Aprendermos a ter respostas céleres, rápidas como quem rouba, para essas emergências, do tipo, por exemplo: "deve ser o seu nariz, cara, "olfatando" alguns dos seus poucos neurônios! Isso aqui, bicho, é pura arginina, saca?" (Ainda se diz "saca", ou já estamos em outra?)
Coisa rápida, até mesmo mais criativa, se for possível, é claro, porque no início ficamos assim, meio inibidos, já que a gente também não põe muita fé...
Aliás você já reparou que ficamos sempre "meios", né? É de ficar pela metade, que advém uma certa dificuldade para as coisas imediatas, que nos requerem sempre por inteiros.
Mas enfim, já que é para encarar, encaremos!
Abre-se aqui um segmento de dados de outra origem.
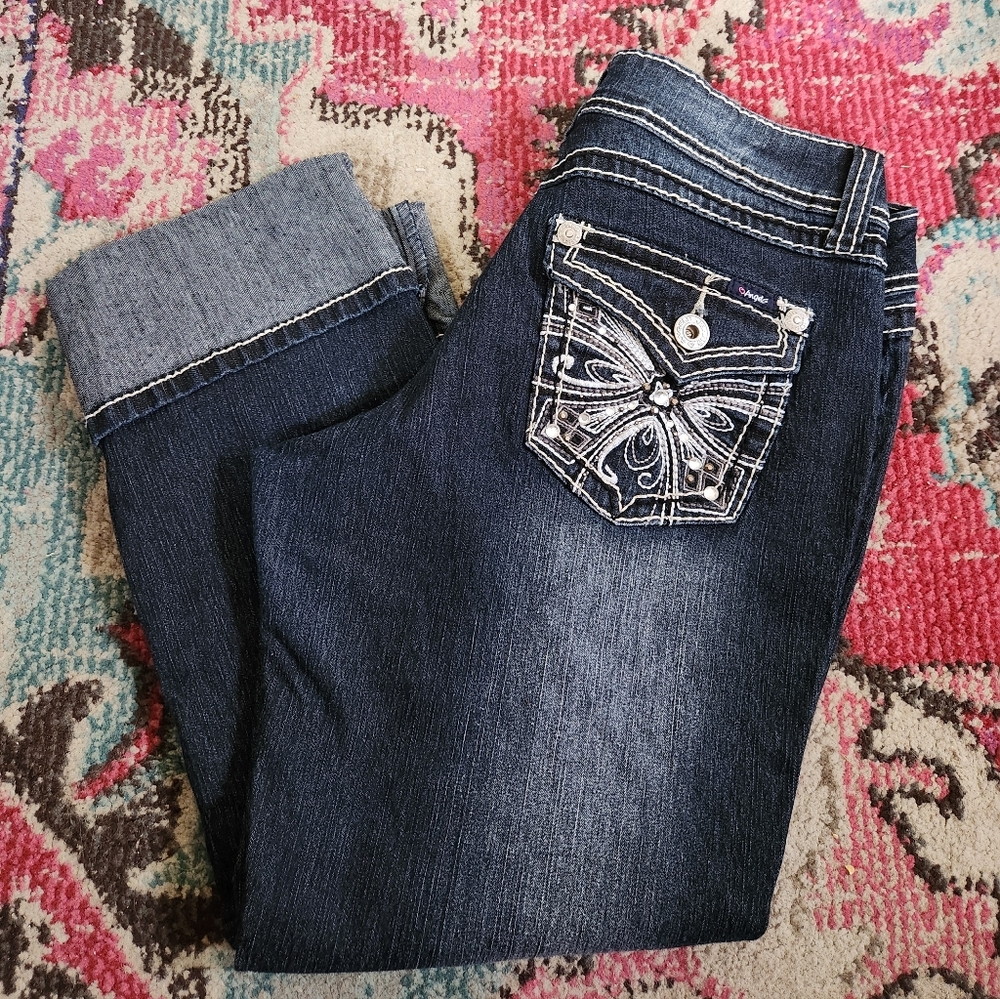 Angels Jeans Dark Blue Cropped Denim with Embroidered Pocket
Sem dó nem piedade, principalmente se for o próximo.
Vale tudo para curar a esbórnia de tantos anos, e voltarmos renovados para o Reino da Abundância e da anarquia, o que nesse Brasil é uma toca rara. Refiro-me somente a abundância...
Machado de Assis apregoou as batatas ao vencedor; apregoemos nós o chazinho de "todo-o-dia", aos que precisam se tornar vencedores. E não esqueçamos as vagens!!! E mais uma coisinha: nada de depressões e pessimismos! Nada de sonhar com colchões d'água, porque isso quebra a temperança. Agora, depois da esbórnia (foi bom enquanto durou!) é sonhar com o joelho no caroço de milho! Aff!!! E como dói!